Глава тридцать девятая
Глава тридцать девятая
Личность и характер Магомета и обзор его пророческой деятельности.
Магомет, судя по сведениям, сообщаемым преданиями, исходящими от его современников, был среднего роста, плотно сложен, мускулист, с большими руками и ногами. В юности он обладал необыкновенной силой и крепостью, а к концу жизни проявлял наклонность к тучности. Голову имел большую, прекрасной формы и отлично сидевшую на шее, выступавшей, как колонна, из его полной груди. Лоб у него был широкий и высокий, изборожденный вплоть до бровей жилами, надувавшимися всякий раз, когда он был возбужден или рассержен. Лицо его было продолговатое, выразительное, с резкими чертами; нос орлиный, глаза черные, окаймленные дугообразными, близко сходившимися бровями, рот широкий и выразительный, указывавший на его умение владеть словом; белые зубы, несколько редкие и неправильные; волосы черные, волнистые, ниспадавшие кудрями на плечи; борода длинная и густая.

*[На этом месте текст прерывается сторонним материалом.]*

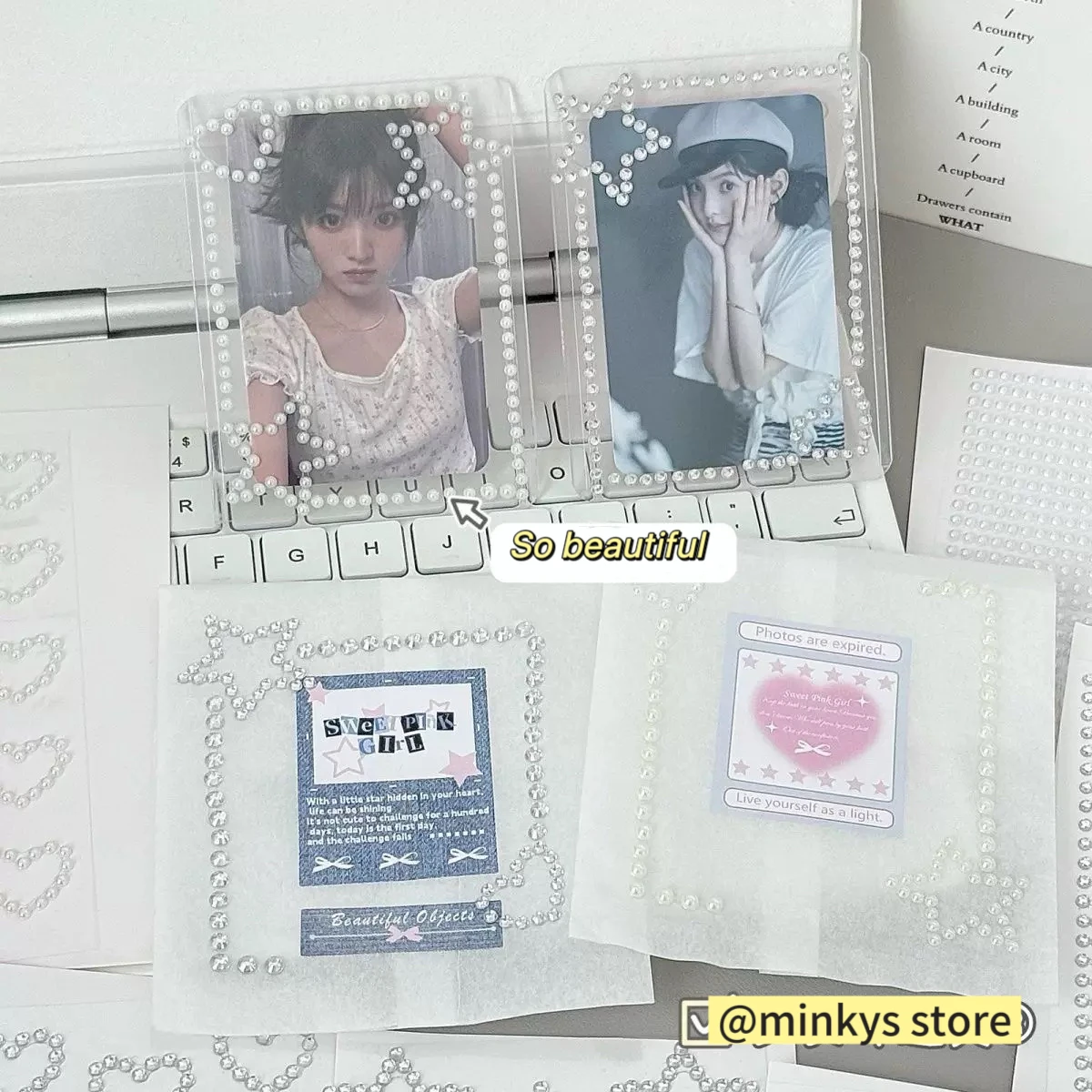 Kpop Fotokarten-Deko-Aufkleber, Silberne Strass-Stern- & Herz-3D-Sticker, Geschenkverpackung Glitzer DIY Scrapbooking-Aufkleber – Detail 2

В обращении он был вообще спокоен и ровен, иногда даже допускал шутки, но обыкновенно он был серьезен и полон достоинства, хотя улыбка его, как уверяют, была обворожительно приятна. Лицо его было более румяно, чем обыкновенно у арабов, и в минуты возбуждения и восторга блистало и сияло, что ученики объясняли сверхъестественным светом пророчества.
Его умственные качества, без сомнения, незаурядные.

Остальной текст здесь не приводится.